A great loss for China, even if the government won’t acknowledge it (via The Telegraph):
He launched an ambitious decentralisation plan at Keda, allowing staff to join administrative panels in discussions about funding and promotions. Furthermore, he established exchange programmes with foreign universities. “I am determined to create intellectual and academic freedom,” he told an interviewer from The Atlantic magazine.
Initially his initiatives were welcomed by the Chinese authorities. But by the end of 1986 students at Keda took the liberalising campaign to the political stage, demanding the right to nominate candidates at local elections. Soon tens of thousands of students were protesting on campuses across the country.
As his experiment spun out of control, Fang rapidly fell from favour. Stripped of his job at Keda, he was reassigned to the Beijing Observatory. In January 1987, he was denounced by Deng himself and expelled from the Communist Party.

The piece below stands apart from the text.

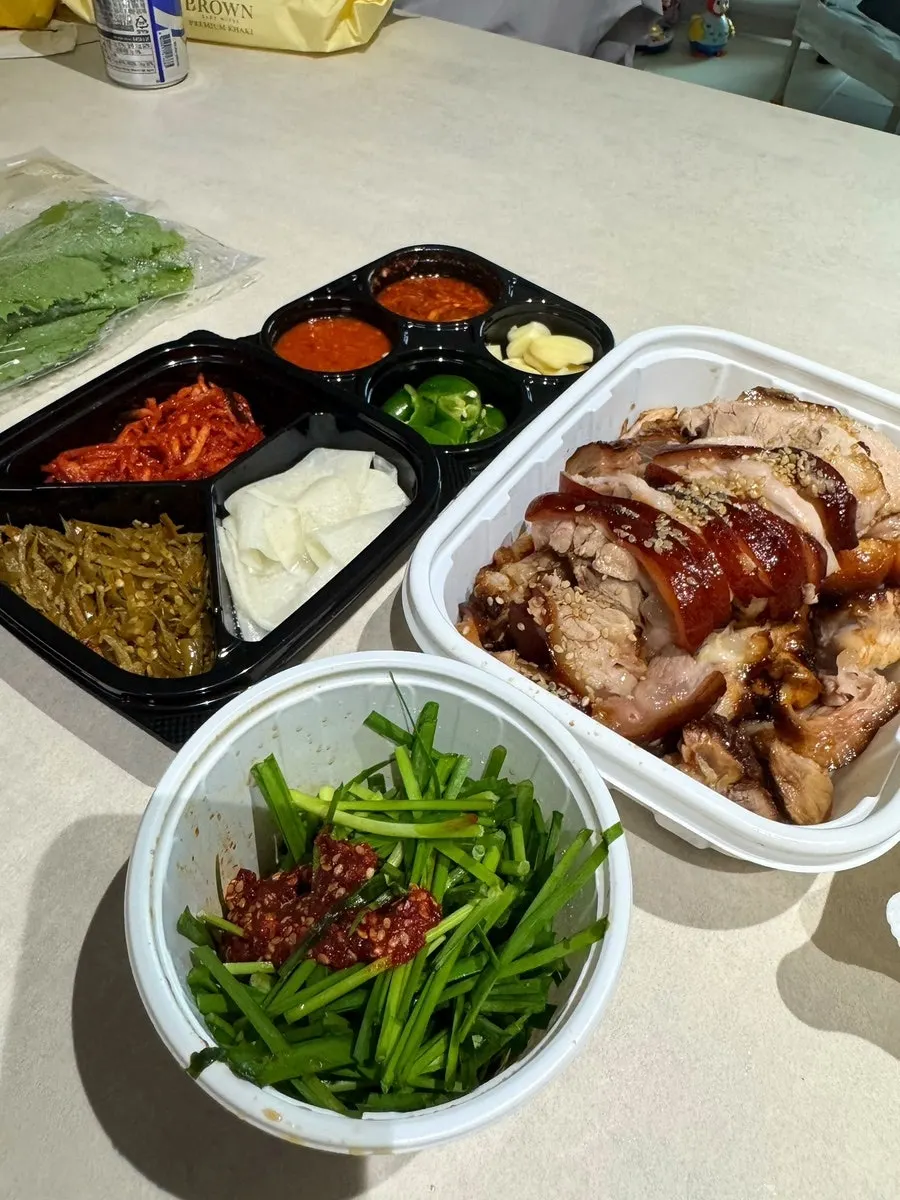 포장을 뜯어 차린 청미반반족발 상차림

The move simply cemented Fang’s position as an opposition figurehead. Over the next three years he hinted at greed and nepotism in the senior ranks of the party. By early 1989 his apartment had become a focal point for pro-reform meetings. In January that year he wrote to Deng demanding the release of political prisoners. Then, in February, he was invited by George Bush to attend a Texan-style barbecue that the American president was hosting on his first state visit to China.
Fang set off for the party with his wife, but was pulled over by a traffic policeman. They resumed the journey in a taxi, only for that to be stopped too. Proceeding on foot, they arrived at the home of the American ambassador, who was not in. Spotted by a Canadian diplomat, Fang soon found himself at the president’s press centre, giving a blow-by-blow account of the harassment he had suffered to the world’s press.
Two months later, reacting to the death of Hu Yaobang, the reform-minded Communist Party General Secretary, students began a hunger strike in Tiananmen Square; in June the tanks rolled in.
On June 5 Fang and his wife were granted refuge inside the American embassy, which considered them in “personal danger”. But it took a year of delicate negotiations before the pair were allowed to leave the country.
Once in the United States, Fang became a physics professor at the University of Arizona in Tucson. There he continued his research into the origins of the universe, dropping the odd hint at faculty drinks parties of his unusual career path. He is survived by his wife and a son.